■ Data excerpts:
┌──

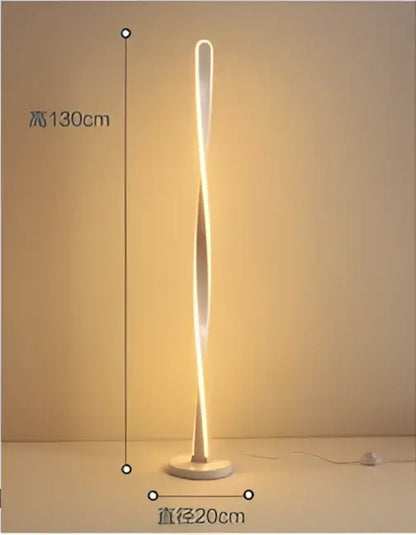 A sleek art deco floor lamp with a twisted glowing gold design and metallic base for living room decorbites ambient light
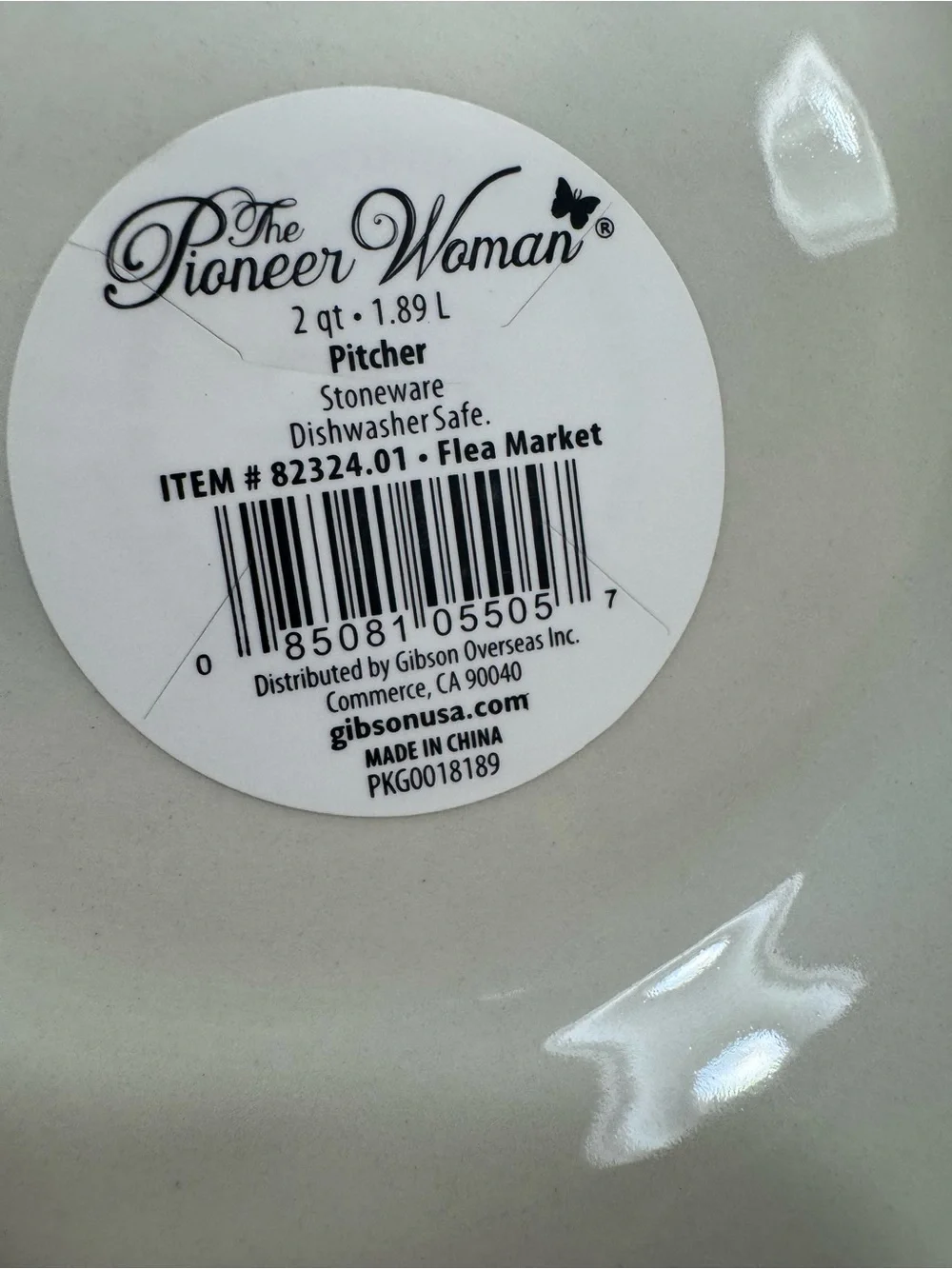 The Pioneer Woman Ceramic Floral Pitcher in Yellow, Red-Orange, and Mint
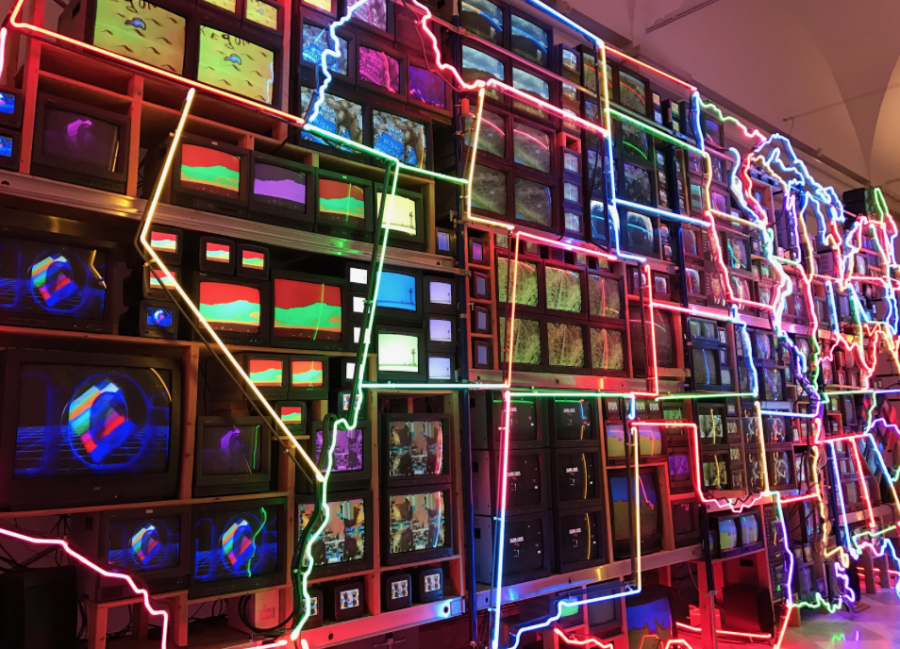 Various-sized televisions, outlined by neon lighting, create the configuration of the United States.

└──
┌──

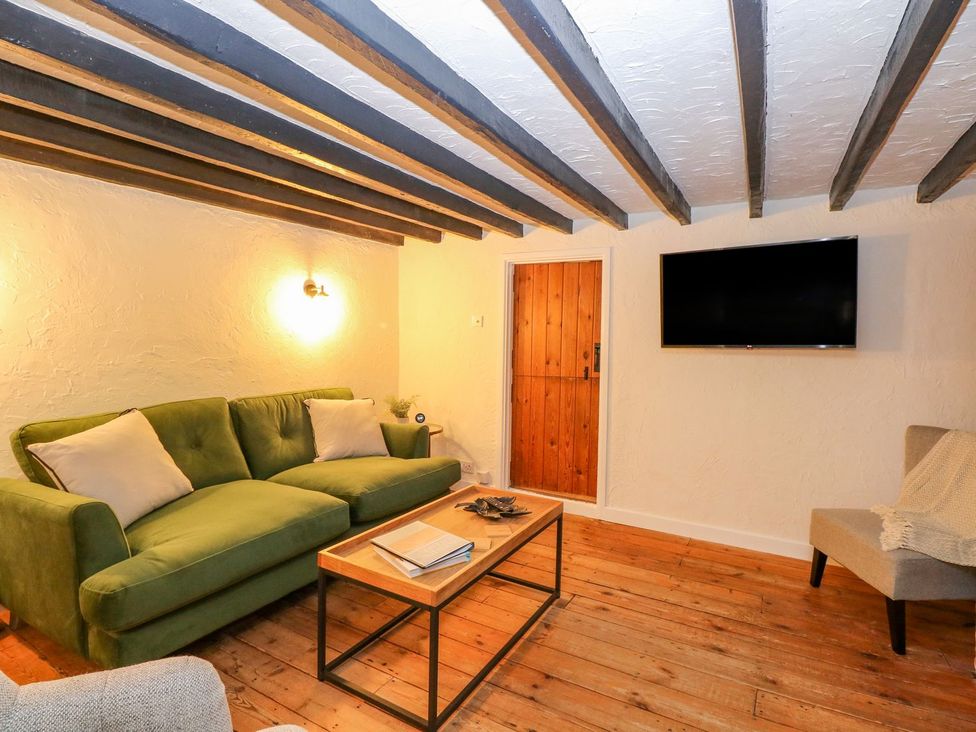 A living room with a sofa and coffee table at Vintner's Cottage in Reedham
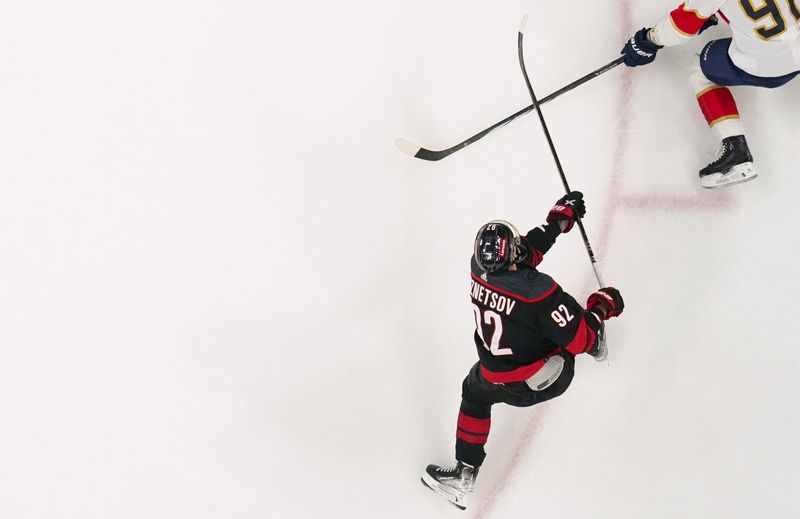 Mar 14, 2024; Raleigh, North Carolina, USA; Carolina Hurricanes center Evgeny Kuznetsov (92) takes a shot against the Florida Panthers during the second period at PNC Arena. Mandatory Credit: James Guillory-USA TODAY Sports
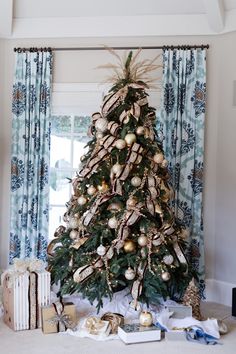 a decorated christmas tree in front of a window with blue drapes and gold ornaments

└──

■ Work to be completed:
In the entries above, find the line containing "Mar 14, 2024;" and the line containing "a decorated christmas"; give again exactly those two lines and every line between them, minus the pictures.

■ Output below:
 Mar 14, 2024; Raleigh, North Carolina, USA; Carolina Hurricanes center Evgeny Kuznetsov (92) takes a shot against the Florida Panthers during the second period at PNC Arena. Mandatory Credit: James Guillory-USA TODAY Sports
 a decorated christmas tree in front of a window with blue drapes and gold ornaments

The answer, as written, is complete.